WASHINGTON - Lobbying season officially began in the Capitol Feb. 3 as about 500 leaders of most of the federally recognized tribes east of the Mississippi arrived in town for the annual United South and Eastern Tribes (USET) impact week. Delegates were confident in Congressional support, after several dramatic victories last year, but deeply frustrated by the way they were covered in segments of the mass media.
Preoccupied by impending war with Iraq and the Columbia space shuttle disaster, Washington media largely ignored the event, but USET delegates concentrated on their prime audience, members of Congress and federal bureaucrats. Deepening the impact, about 80 high school students from 18 USET tribes followed in their footsteps, as part of a Close-Up Foundation program to introduce youth to the workings of Washington. While USET met in the richly appointed Marriott Crystal Gateway Hotel in Arlington, Va., the Close-Up youths worked out of the much less luxurious Days Inn a short way down the street.

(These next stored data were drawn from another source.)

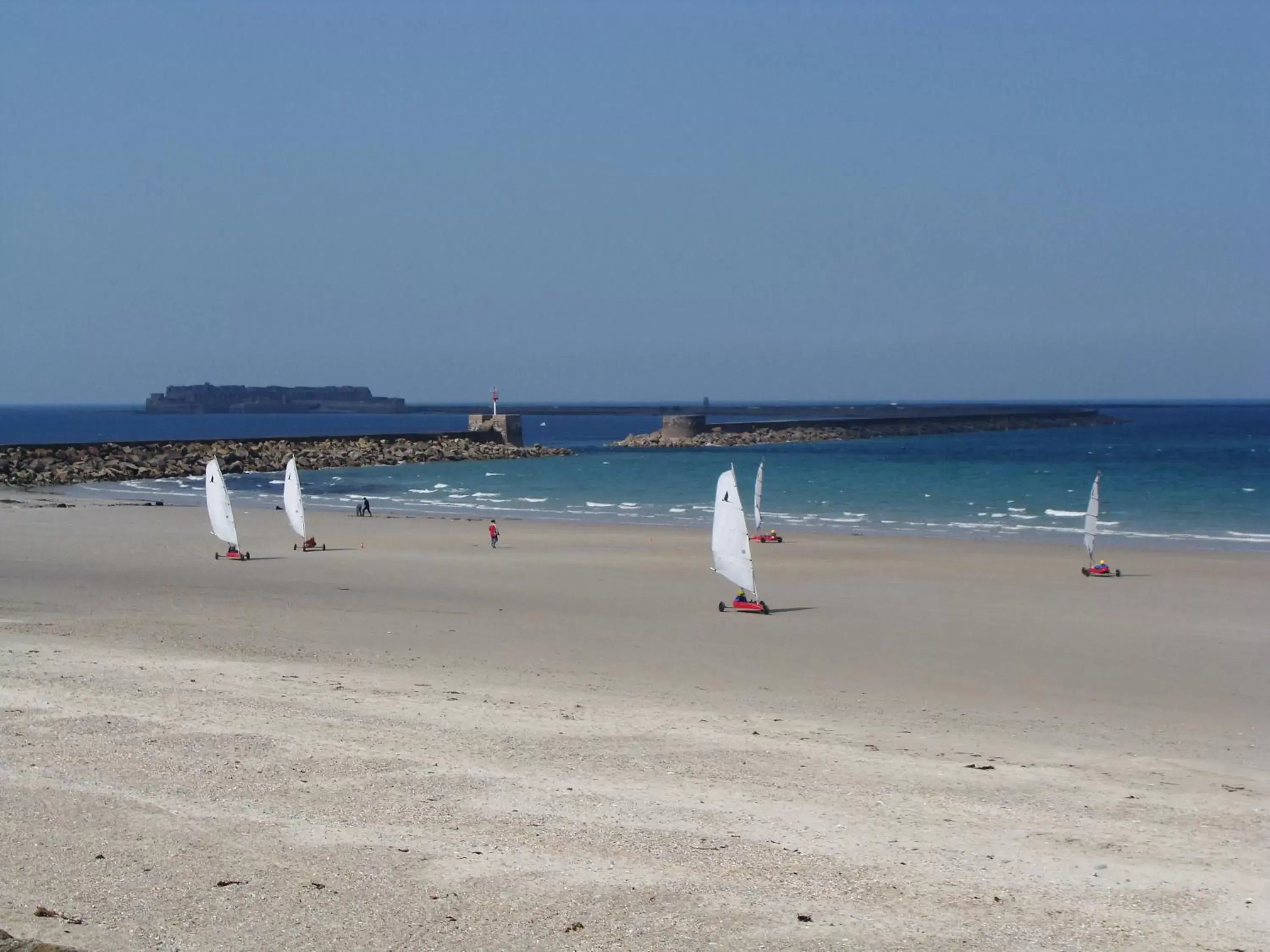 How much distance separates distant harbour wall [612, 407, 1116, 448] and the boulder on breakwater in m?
24.8

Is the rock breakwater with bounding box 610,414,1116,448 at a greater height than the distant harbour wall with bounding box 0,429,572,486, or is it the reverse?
the rock breakwater with bounding box 610,414,1116,448

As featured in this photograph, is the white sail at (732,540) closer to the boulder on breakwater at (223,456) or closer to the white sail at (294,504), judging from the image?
the white sail at (294,504)

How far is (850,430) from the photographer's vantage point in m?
143

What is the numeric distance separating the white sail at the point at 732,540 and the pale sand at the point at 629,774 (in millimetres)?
1291

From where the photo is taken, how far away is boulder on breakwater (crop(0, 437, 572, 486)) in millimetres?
66625

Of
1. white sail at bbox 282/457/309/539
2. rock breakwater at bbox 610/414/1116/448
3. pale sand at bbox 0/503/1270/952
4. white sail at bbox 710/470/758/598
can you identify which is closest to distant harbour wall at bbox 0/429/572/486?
rock breakwater at bbox 610/414/1116/448

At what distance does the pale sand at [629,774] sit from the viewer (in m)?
7.75

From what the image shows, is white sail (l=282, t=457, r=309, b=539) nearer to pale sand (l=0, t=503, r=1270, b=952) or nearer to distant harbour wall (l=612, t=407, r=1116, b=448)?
pale sand (l=0, t=503, r=1270, b=952)

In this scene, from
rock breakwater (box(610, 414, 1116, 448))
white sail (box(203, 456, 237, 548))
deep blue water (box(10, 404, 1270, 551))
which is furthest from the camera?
rock breakwater (box(610, 414, 1116, 448))

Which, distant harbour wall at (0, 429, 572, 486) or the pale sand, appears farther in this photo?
distant harbour wall at (0, 429, 572, 486)

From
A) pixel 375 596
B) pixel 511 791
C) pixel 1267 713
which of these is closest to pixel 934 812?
pixel 511 791

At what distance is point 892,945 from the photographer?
737 centimetres

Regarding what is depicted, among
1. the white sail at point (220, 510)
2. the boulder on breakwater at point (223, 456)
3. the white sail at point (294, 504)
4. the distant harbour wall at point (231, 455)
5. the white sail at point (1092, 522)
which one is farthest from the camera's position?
the distant harbour wall at point (231, 455)

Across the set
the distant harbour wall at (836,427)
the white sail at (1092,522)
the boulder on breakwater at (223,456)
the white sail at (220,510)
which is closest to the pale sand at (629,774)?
the white sail at (1092,522) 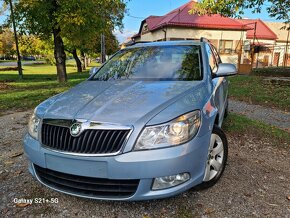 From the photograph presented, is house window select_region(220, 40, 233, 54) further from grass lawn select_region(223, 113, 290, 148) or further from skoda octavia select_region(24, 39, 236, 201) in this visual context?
skoda octavia select_region(24, 39, 236, 201)

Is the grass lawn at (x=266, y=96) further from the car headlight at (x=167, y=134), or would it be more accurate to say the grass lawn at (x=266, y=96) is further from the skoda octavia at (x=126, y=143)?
the car headlight at (x=167, y=134)

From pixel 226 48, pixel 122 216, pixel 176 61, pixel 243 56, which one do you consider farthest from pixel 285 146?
pixel 226 48

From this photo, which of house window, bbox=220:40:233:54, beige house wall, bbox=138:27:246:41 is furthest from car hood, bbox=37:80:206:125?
house window, bbox=220:40:233:54

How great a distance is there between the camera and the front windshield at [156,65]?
3.60 metres

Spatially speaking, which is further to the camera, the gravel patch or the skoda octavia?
the gravel patch

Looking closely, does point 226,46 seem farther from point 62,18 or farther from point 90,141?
point 90,141

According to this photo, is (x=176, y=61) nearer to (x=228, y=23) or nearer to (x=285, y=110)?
(x=285, y=110)

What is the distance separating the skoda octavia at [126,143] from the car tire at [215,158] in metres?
0.01

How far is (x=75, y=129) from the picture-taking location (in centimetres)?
243

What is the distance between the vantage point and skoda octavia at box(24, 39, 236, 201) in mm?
2305

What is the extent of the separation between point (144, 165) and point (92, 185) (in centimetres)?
55

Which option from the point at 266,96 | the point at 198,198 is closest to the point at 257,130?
the point at 198,198

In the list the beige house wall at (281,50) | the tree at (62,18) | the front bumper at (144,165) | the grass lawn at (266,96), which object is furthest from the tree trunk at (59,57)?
the beige house wall at (281,50)

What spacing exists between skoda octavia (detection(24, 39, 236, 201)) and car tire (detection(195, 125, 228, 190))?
0.04 ft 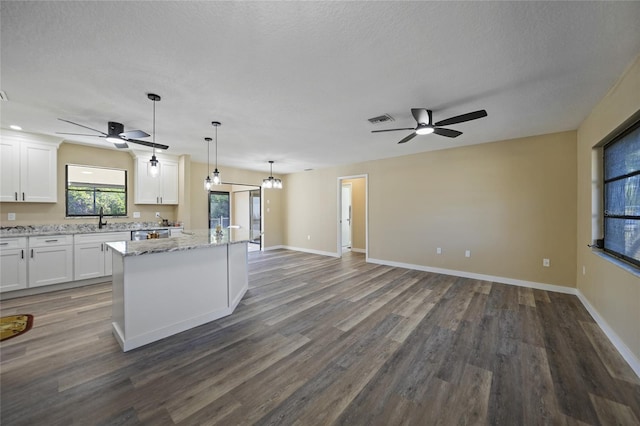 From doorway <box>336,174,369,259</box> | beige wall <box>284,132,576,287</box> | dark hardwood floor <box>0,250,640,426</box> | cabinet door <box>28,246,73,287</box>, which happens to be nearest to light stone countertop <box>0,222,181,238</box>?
cabinet door <box>28,246,73,287</box>

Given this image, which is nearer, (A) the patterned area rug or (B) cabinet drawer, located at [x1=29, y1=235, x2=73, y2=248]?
(A) the patterned area rug

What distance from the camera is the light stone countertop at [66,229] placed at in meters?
4.01

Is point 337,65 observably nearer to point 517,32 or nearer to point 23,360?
point 517,32

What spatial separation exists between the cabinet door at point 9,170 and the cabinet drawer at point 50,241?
78cm

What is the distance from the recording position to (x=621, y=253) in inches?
105

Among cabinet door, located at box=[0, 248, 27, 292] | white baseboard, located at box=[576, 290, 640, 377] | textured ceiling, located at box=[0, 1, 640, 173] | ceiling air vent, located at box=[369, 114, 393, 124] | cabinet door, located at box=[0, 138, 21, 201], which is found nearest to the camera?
textured ceiling, located at box=[0, 1, 640, 173]

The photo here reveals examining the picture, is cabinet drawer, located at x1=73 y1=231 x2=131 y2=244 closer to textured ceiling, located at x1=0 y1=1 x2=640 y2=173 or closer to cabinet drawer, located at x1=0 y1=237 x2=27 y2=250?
cabinet drawer, located at x1=0 y1=237 x2=27 y2=250

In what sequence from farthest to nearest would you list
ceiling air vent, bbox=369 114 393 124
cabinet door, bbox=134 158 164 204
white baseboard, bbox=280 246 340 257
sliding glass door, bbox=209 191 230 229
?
sliding glass door, bbox=209 191 230 229, white baseboard, bbox=280 246 340 257, cabinet door, bbox=134 158 164 204, ceiling air vent, bbox=369 114 393 124

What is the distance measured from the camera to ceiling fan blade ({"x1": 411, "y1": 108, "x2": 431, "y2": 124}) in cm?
269

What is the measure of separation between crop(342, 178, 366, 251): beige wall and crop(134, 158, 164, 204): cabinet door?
5.10 meters

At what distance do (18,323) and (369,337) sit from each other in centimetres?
414

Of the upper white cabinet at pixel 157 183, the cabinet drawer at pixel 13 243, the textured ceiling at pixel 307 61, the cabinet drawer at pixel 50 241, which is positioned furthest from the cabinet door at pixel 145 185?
the cabinet drawer at pixel 13 243

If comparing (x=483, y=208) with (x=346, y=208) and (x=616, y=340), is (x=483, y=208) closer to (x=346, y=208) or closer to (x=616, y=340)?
(x=616, y=340)

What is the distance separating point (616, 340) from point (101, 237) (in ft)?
24.1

USET resolutions, still in preparation at press time, covered the range from highway maintenance funding to inclusion of tribal governments in Homeland Security planning. A series of speakers from Congress, both elected members and staff, previewed a session they expected to produce a series of small gains for tribal sovereignty, and with luck, no major attacks.

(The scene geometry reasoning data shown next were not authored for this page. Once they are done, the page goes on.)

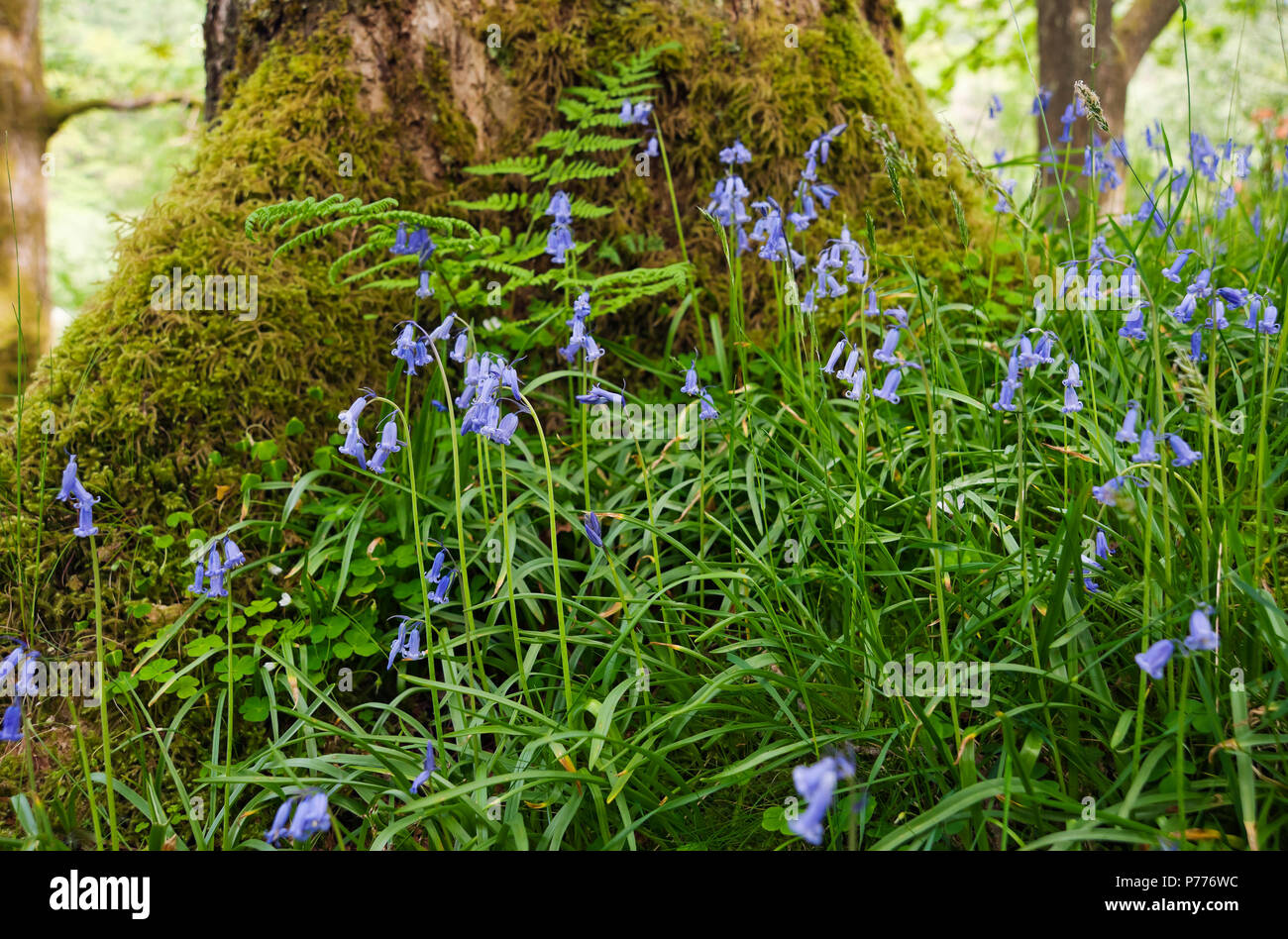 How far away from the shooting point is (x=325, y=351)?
3.33 m

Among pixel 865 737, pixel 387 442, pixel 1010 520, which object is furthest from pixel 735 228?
pixel 865 737

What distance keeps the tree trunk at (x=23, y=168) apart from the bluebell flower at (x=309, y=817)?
7.25 m

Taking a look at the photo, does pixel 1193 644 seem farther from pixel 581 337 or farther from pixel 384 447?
pixel 384 447

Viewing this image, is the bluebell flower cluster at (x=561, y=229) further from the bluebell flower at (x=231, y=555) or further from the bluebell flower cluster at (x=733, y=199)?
the bluebell flower at (x=231, y=555)

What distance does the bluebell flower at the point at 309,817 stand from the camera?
1547mm

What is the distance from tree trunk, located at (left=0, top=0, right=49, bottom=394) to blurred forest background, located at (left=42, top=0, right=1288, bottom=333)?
3333mm

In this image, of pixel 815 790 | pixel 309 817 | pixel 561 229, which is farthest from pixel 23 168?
pixel 815 790

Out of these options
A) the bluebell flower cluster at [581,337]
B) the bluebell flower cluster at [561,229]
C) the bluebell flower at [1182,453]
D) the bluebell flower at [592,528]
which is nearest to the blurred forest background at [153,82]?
the bluebell flower cluster at [561,229]

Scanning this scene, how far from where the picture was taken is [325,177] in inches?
140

In one of a series of brief talks to the open meeting of the USET board, U.S. Rep. Dale Kildee, D-Mich., co-chairman of the Congressional Native American Caucus, projected confidence that Indian interests would prevail in Congress. He recounted the episode last July when opponents of tribal positions tried an end run around his House Resources Committee, which handles most Indian issues, and turned to the House Appropriations Committee to slip two sleeper measures into the Interior Appropriations Bill.
One measure, backed by the Interior Department, would have limited the scope of the "historical accounting" for the Trust Fund debacle. Another, written by U.S. Rep. Frank Wolf, R-Va., would have diverted money from the BIA budget for a study commission on the effectiveness of federal Indian programs. Wolf, a long-time opponent of gambling, has lately turned his focus on Indian gaming, said Kildee, and his amendment was widely seen as hostile to Indian interests.
In spite of some people who urged caution in taking on the powerful Appropriations Committee, the Native American Caucus geared up literally overnight to fight the measures, Kildee said. "Staff people were working until 3:30 and 4 in the morning to get things ready," he said.
When the measures came to a vote in a late-night debate, they lost by a decisive margin, more than 100 votes each. "It sent a great message to the Appropriations Committee," said Kildee. "One Appropriations member walked back and told his staff, 'Don't you ever lead me this way again.'"
Kildee said the Caucus would build on this victory in working to put tribes on equal footing with state governments in the upcoming tax bill. He predicted that the result would make it easier for tribal governments to issue tax-exempt bonds, which would save significant sums in interest costs. One target of the Caucus, he said, would be IRS regulations restricting the kinds of tribal projects eligible for this type of financing.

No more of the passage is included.